→ ASSIGNMENT
Your copy should hold only the lines from the one holding "我的王者时间第66话 确认！" through the last line of the records below, both included, each exact and with no pictures.

Captioned web images:
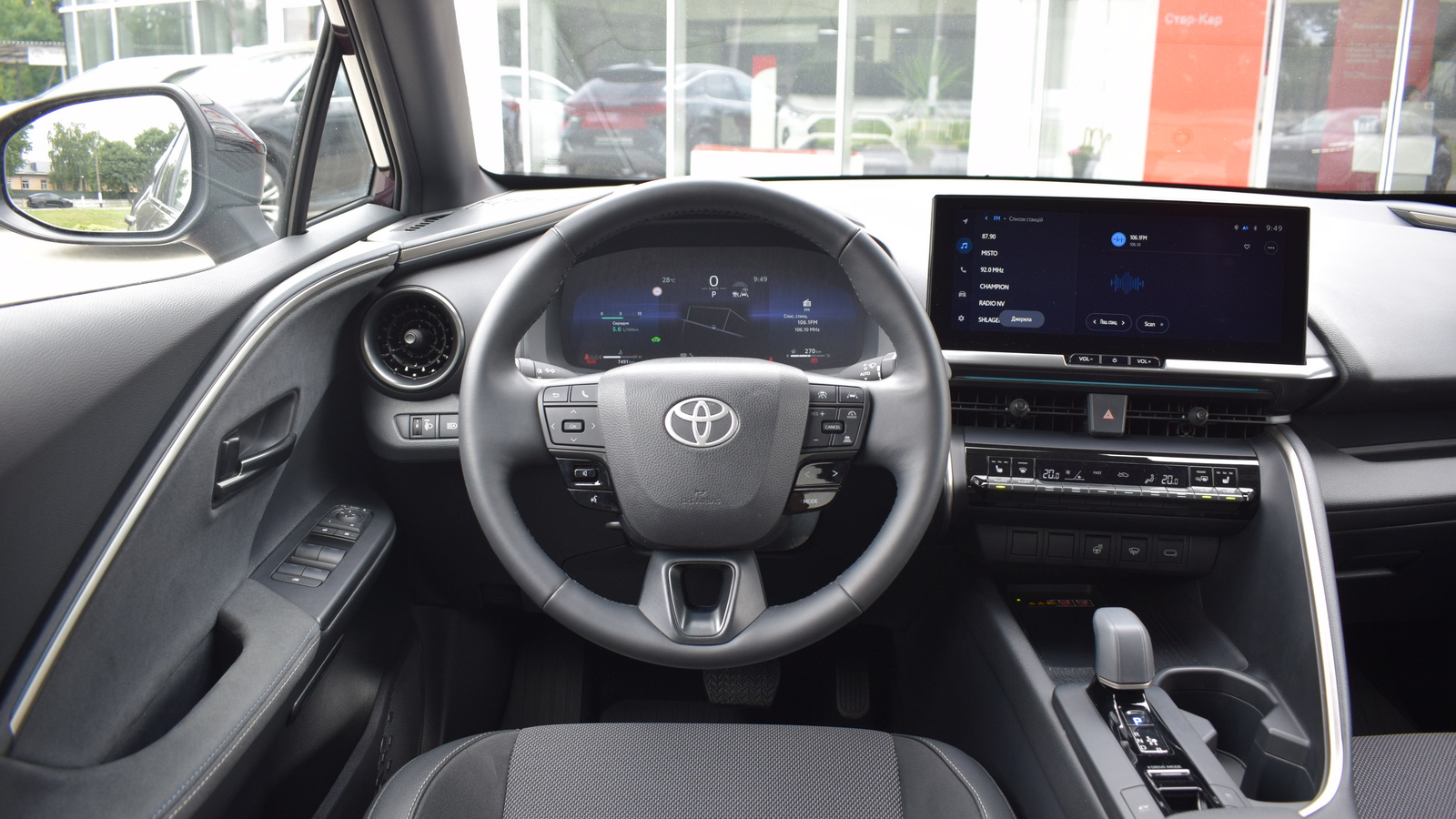Toyota C-HR 2024 року з пробігом 7491 км, Хетчбек, Тойота Центр Житомир "Стар - Кар", м.Житомир - 1450000 ГРН | Фото № 9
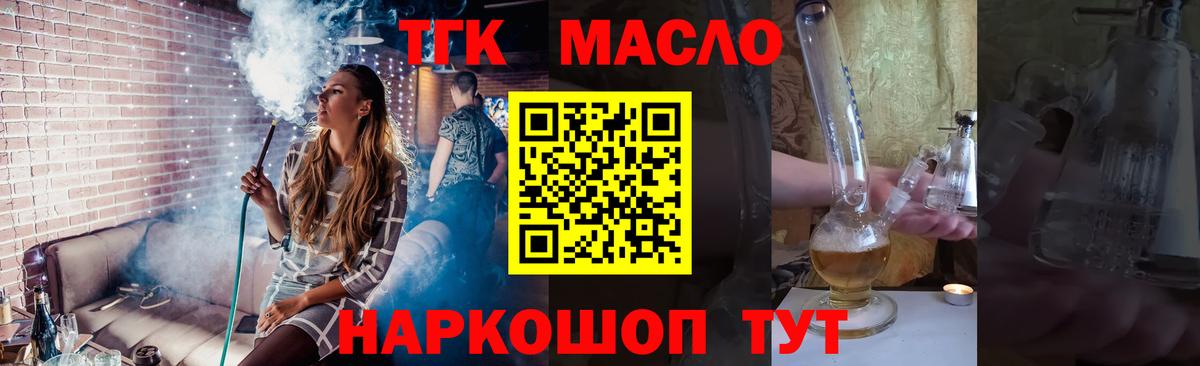 Дистиллят ТГК вейп с тгк Амурск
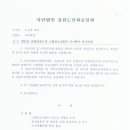 강원산소 이미지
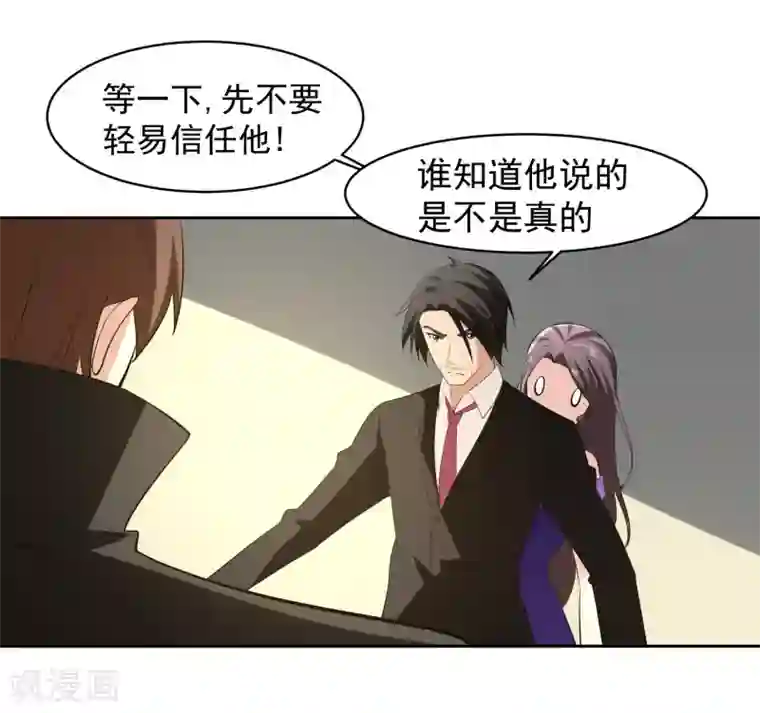 我的王者时间第66话 确认！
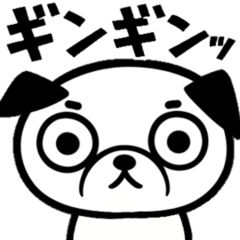 Gin the Dog: Animated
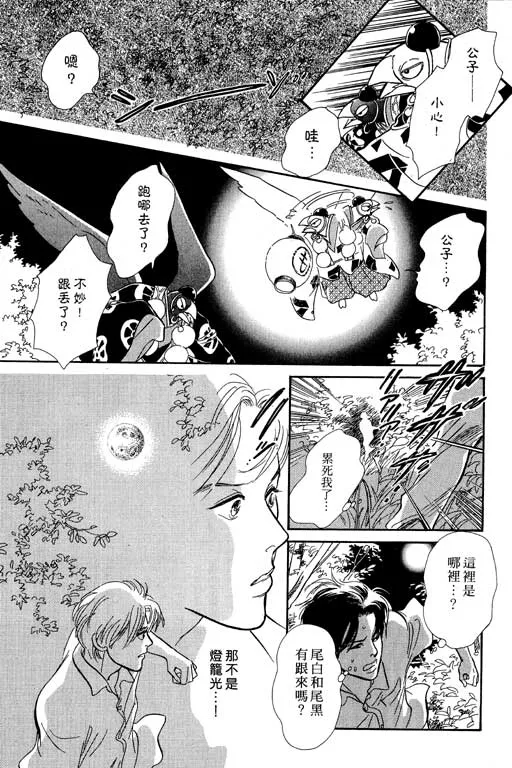 第7卷 第159页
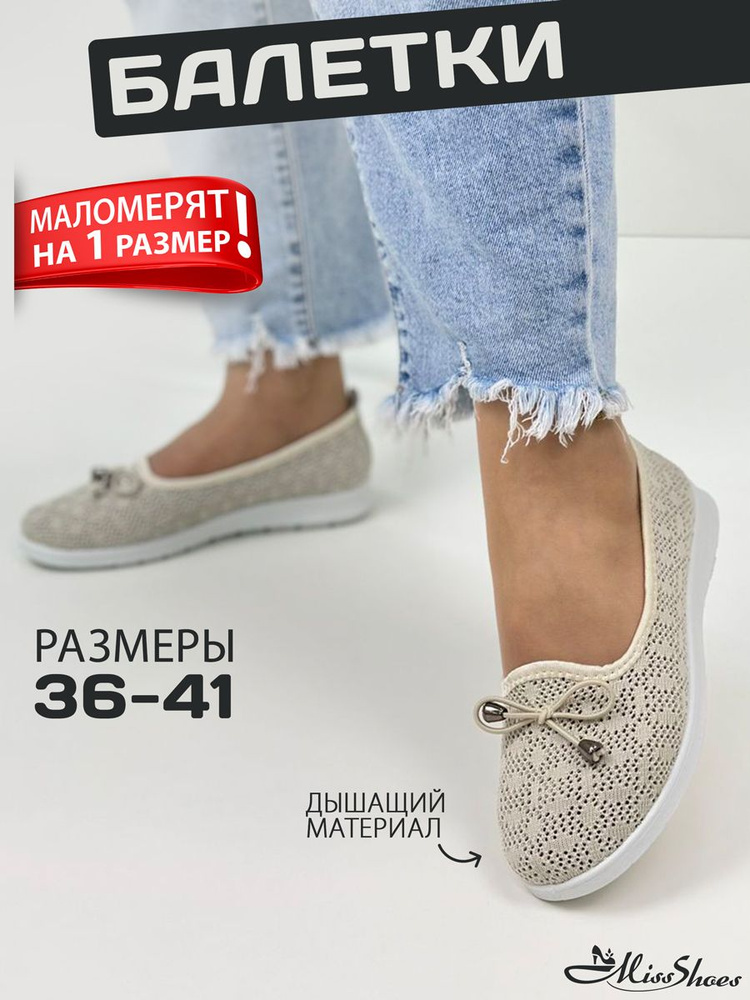 Балетки Miss Shoes #1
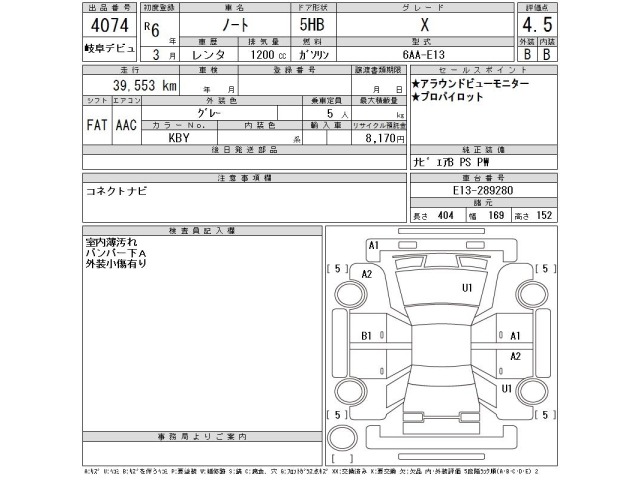 Nissan NOTE 2024 7355354-2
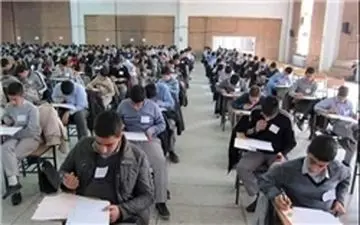 استفاده از تست هوش به‌جای آزمون پیشرفت تحصیلی در گزینش دانش‌‌آموزان تیزهوش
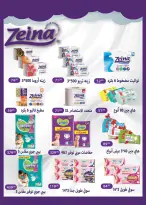 عروض صن مول مصر من 3 حتى 25 فبراير 2026 عروض اهلا رمضان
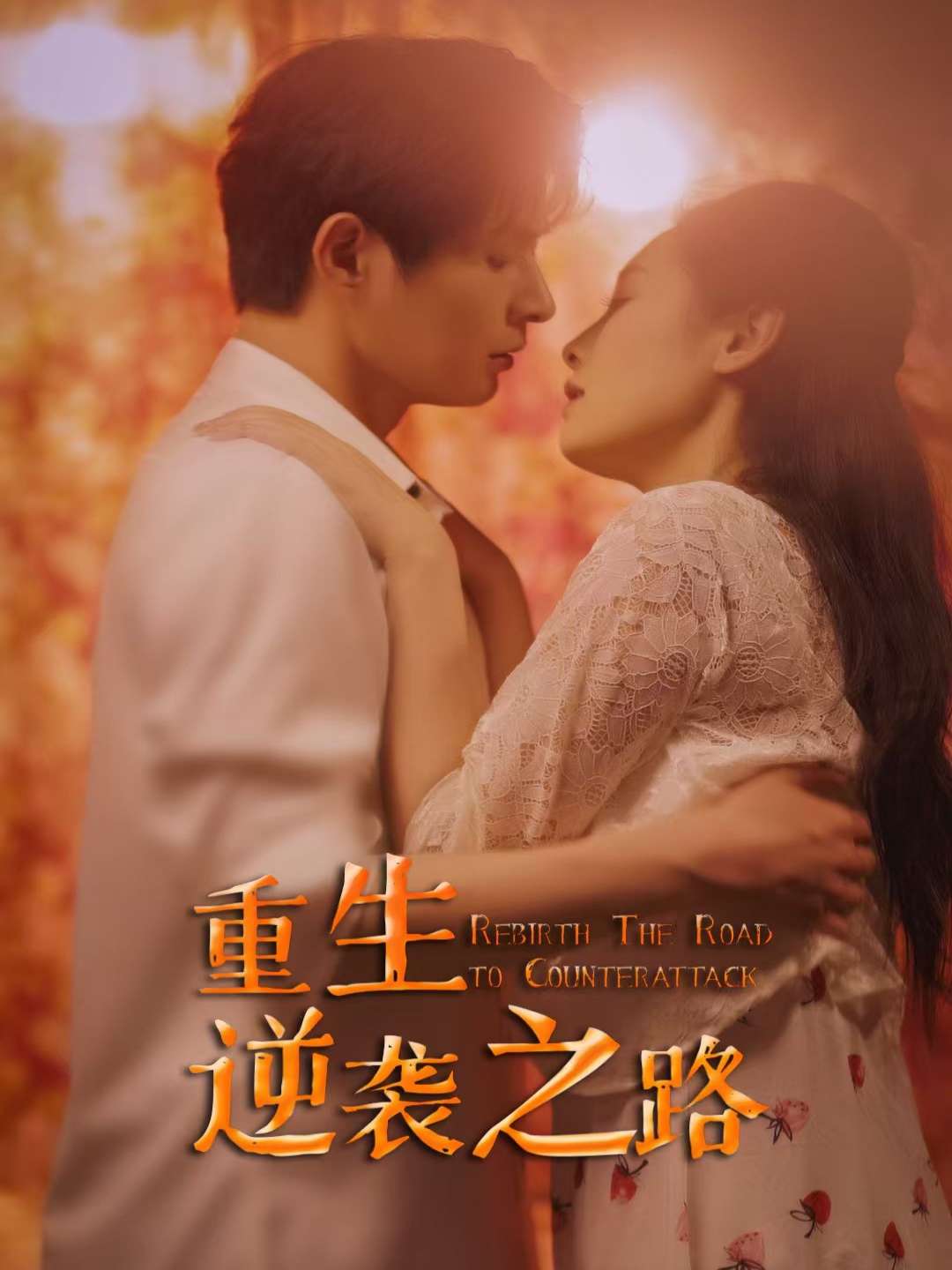 重生逆袭之路(67集)-免费短剧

→ EXERCISE SOLUTION
 我的王者时间第66话 确认！
 Gin the Dog: Animated
 第7卷 第159页
 Балетки Miss Shoes #1
 Nissan NOTE 2024 7355354-2
 استفاده از تست هوش به‌جای آزمون پیشرفت تحصیلی در گزینش دانش‌‌آموزان تیزهوش
 عروض صن مول مصر من 3 حتى 25 فبراير 2026 عروض اهلا رمضان
 重生逆袭之路(67集)-免费短剧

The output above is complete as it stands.